**INPUT DATA**
———
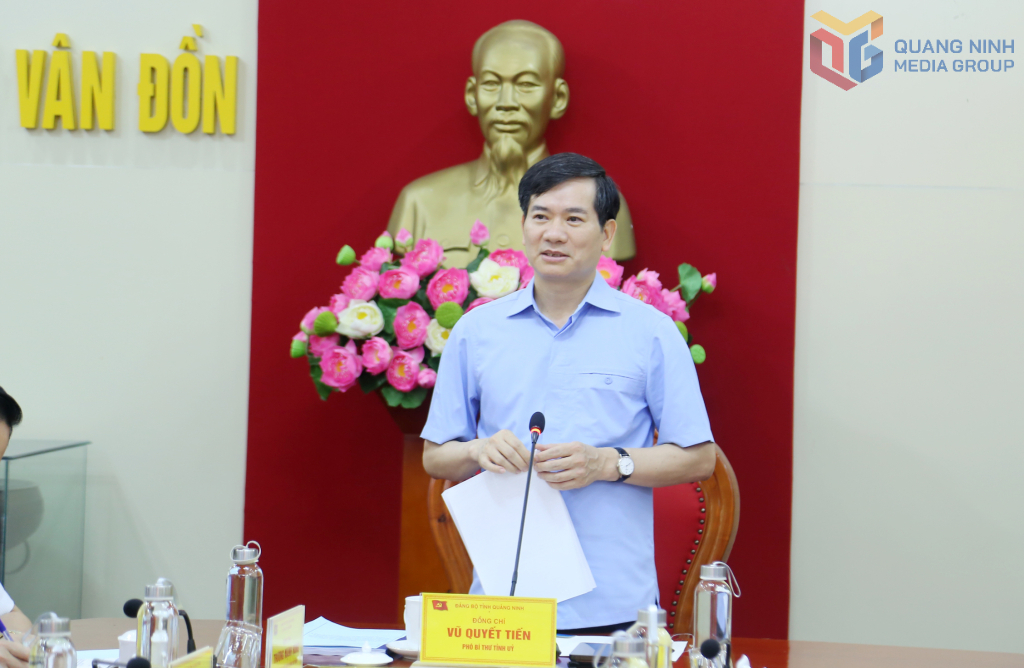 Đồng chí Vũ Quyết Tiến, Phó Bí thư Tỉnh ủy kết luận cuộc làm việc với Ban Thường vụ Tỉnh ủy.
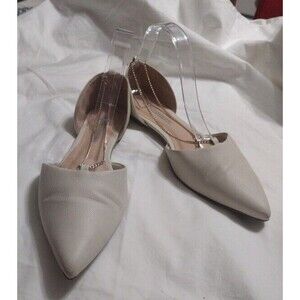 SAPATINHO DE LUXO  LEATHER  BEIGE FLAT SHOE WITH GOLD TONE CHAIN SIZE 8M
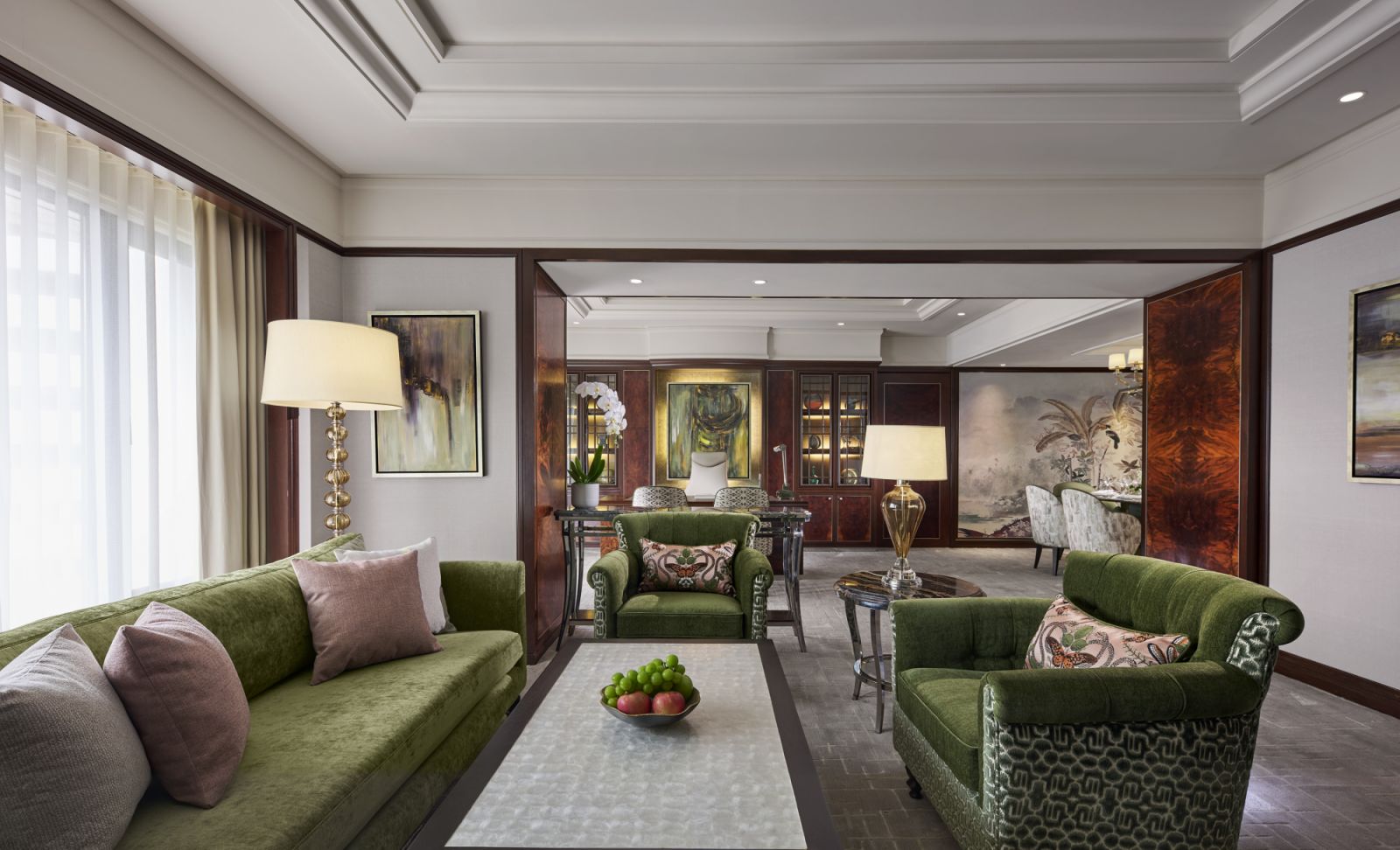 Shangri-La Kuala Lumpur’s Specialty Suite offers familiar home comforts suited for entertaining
———
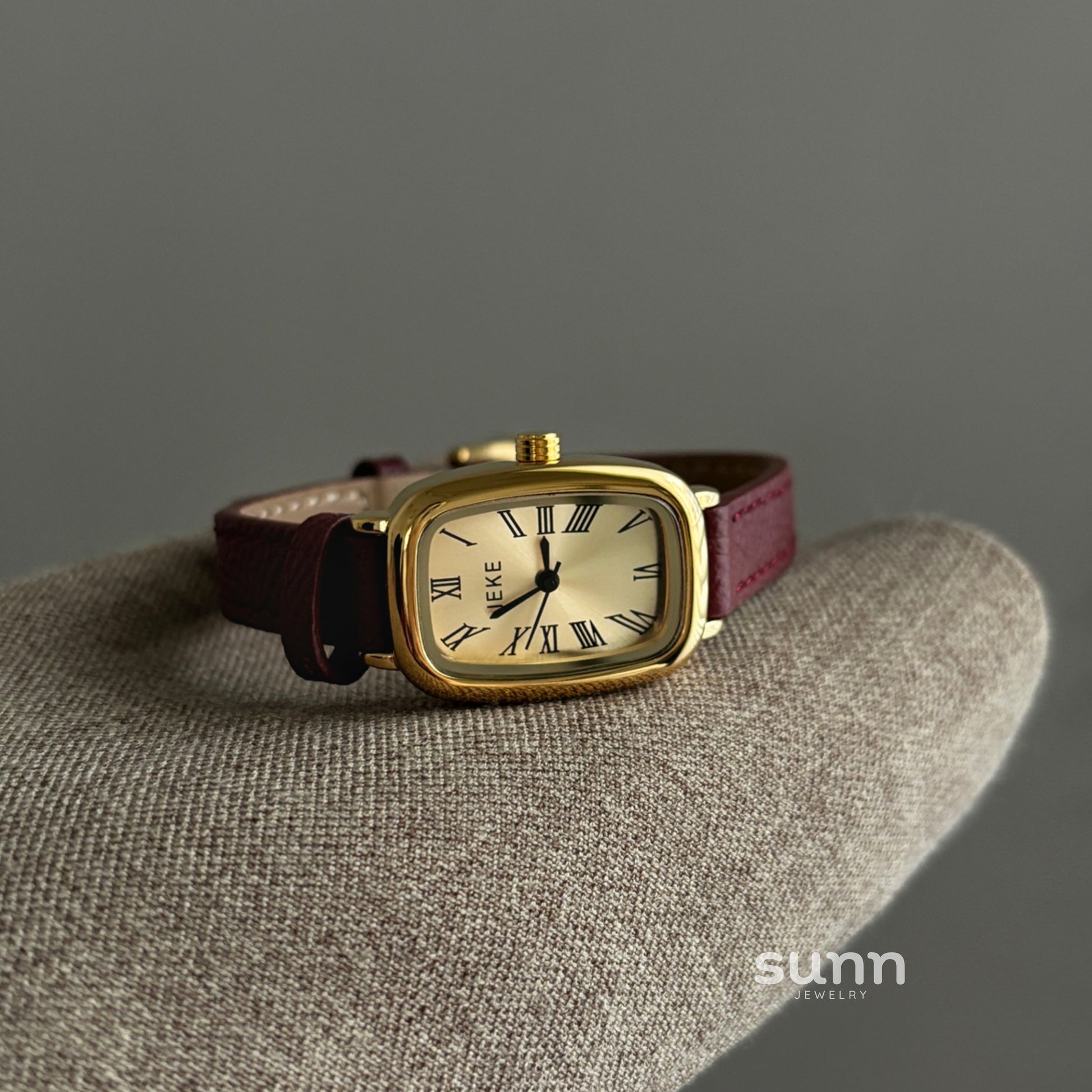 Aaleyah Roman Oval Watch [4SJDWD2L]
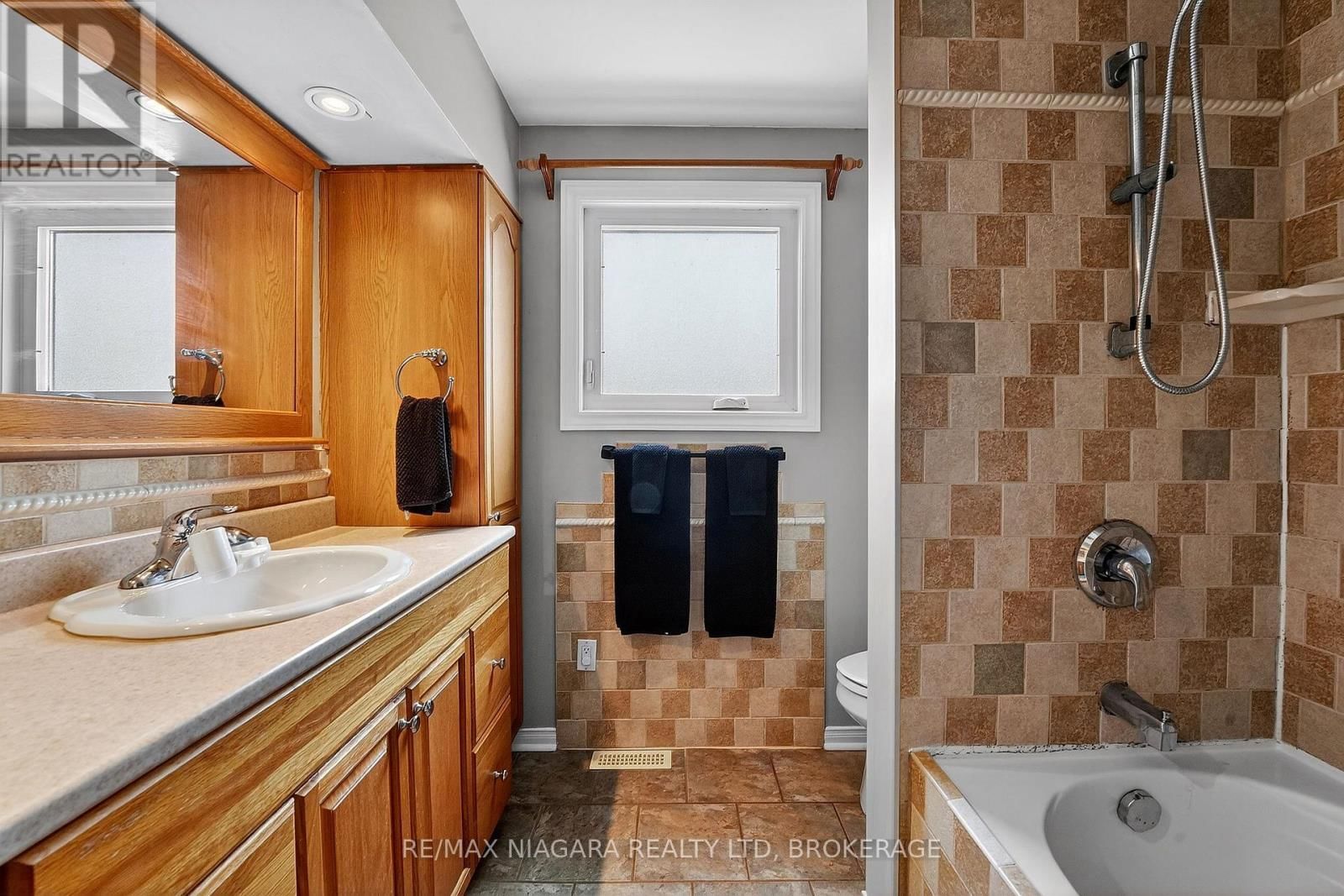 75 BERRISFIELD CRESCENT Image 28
———
**ACTION ITEM**
Write out the lines above from the one with "Aaleyah Roman Oval Watch [4SJDWD2L]" through the one with "75 BERRISFIELD CRESCENT Image 28", ends included, exactly; no picture goes in.

**TASK ANSWER**
 Aaleyah Roman Oval Watch [4SJDWD2L]
 75 BERRISFIELD CRESCENT Image 28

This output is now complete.